INPUT DATA:
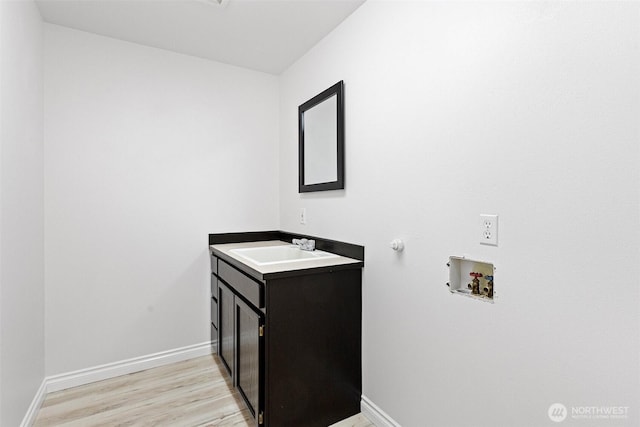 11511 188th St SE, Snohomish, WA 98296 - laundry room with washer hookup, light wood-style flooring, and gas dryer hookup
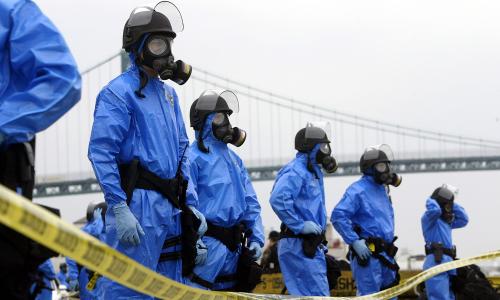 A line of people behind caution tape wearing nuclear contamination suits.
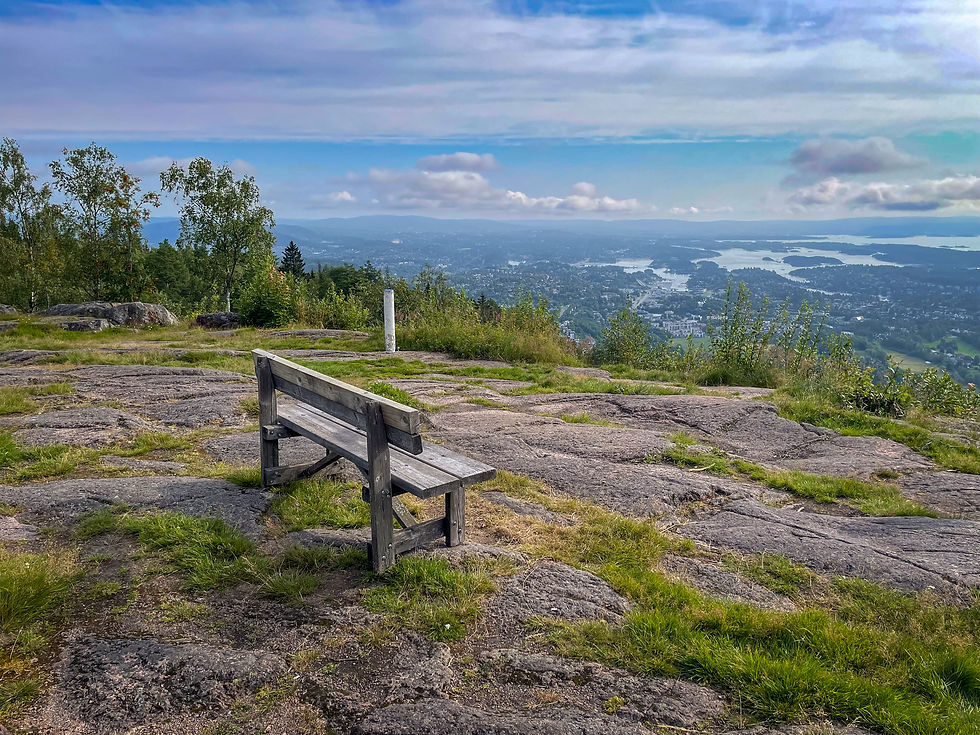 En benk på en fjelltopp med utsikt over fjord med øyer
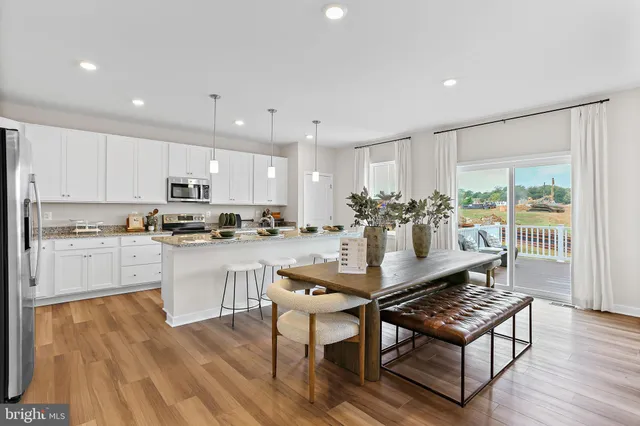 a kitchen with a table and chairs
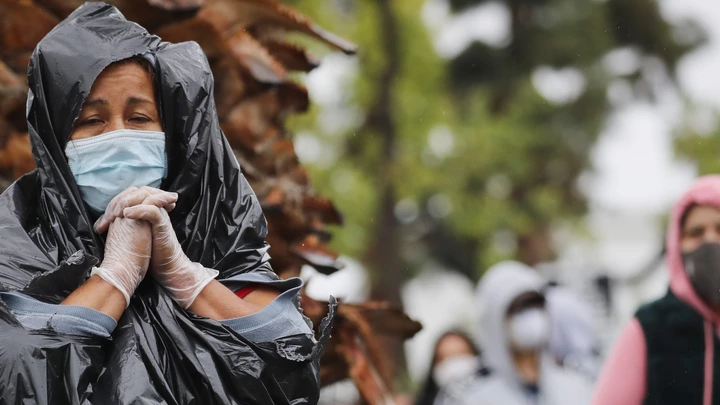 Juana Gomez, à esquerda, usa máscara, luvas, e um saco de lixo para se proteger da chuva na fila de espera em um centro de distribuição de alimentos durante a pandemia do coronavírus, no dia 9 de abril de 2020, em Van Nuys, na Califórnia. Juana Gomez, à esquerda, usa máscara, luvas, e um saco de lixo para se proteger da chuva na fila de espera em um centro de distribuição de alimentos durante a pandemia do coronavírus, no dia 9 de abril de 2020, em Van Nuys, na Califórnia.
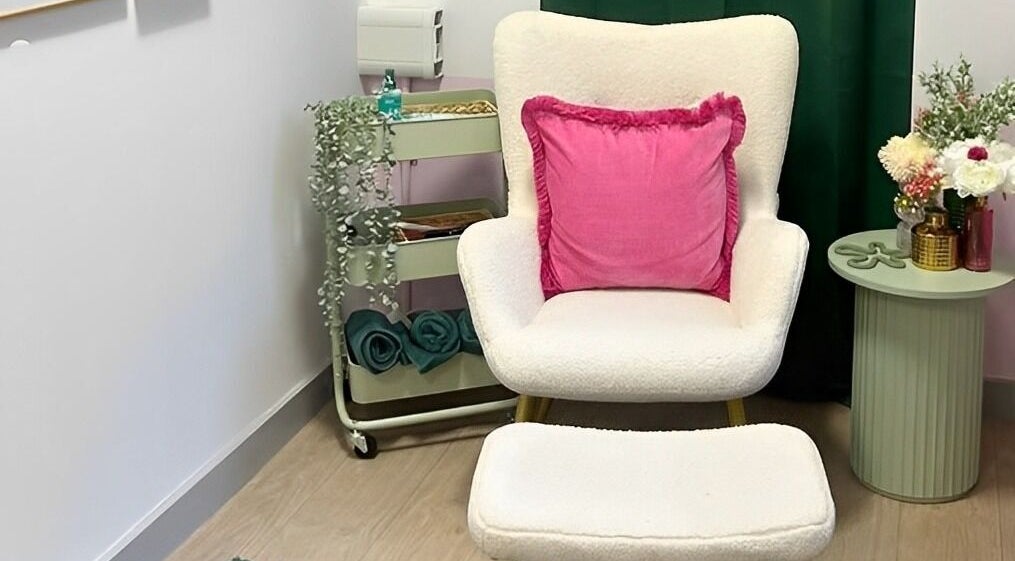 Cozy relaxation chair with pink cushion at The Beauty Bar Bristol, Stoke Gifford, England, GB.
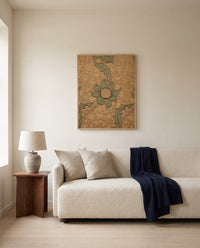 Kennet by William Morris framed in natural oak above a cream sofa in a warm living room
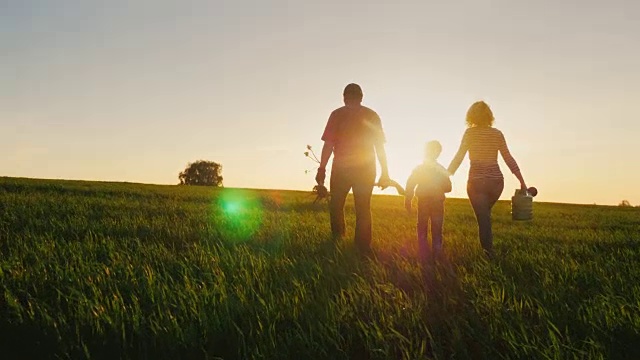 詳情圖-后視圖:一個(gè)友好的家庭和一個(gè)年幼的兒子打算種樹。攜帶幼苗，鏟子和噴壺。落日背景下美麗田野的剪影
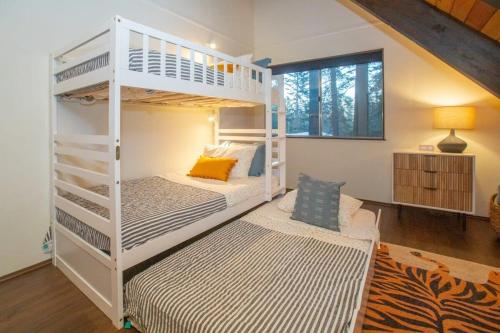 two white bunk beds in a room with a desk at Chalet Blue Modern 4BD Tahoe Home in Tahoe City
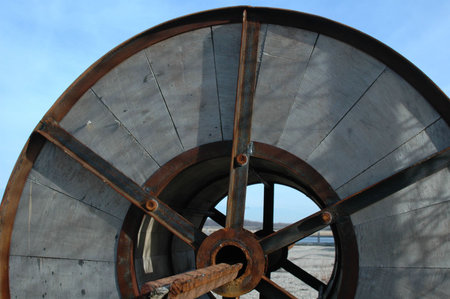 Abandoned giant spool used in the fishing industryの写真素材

TASK DIRECTIONS: Repeat each line above exactly. The pictures stay out.

RESULT BELOW:
 11511 188th St SE, Snohomish, WA 98296 - laundry room with washer hookup, light wood-style flooring, and gas dryer hookup
 A line of people behind caution tape wearing nuclear contamination suits.
 En benk på en fjelltopp med utsikt over fjord med øyer
 a kitchen with a table and chairs
 Juana Gomez, à esquerda, usa máscara, luvas, e um saco de lixo para se proteger da chuva na fila de espera em um centro de distribuição de alimentos durante a pandemia do coronavírus, no dia 9 de abril de 2020, em Van Nuys, na Califórnia. Juana Gomez, à esquerda, usa máscara, luvas, e um saco de lixo para se proteger da chuva na fila de espera em um centro de distribuição de alimentos durante a pandemia do coronavírus, no dia 9 de abril de 2020, em Van Nuys, na Califórnia.
 Cozy relaxation chair with pink cushion at The Beauty Bar Bristol, Stoke Gifford, England, GB.
 Kennet by William Morris framed in natural oak above a cream sofa in a warm living room
 詳情圖-后視圖:一個(gè)友好的家庭和一個(gè)年幼的兒子打算種樹。攜帶幼苗，鏟子和噴壺。落日背景下美麗田野的剪影
 two white bunk beds in a room with a desk at Chalet Blue Modern 4BD Tahoe Home in Tahoe City
 Abandoned giant spool used in the fishing industryの写真素材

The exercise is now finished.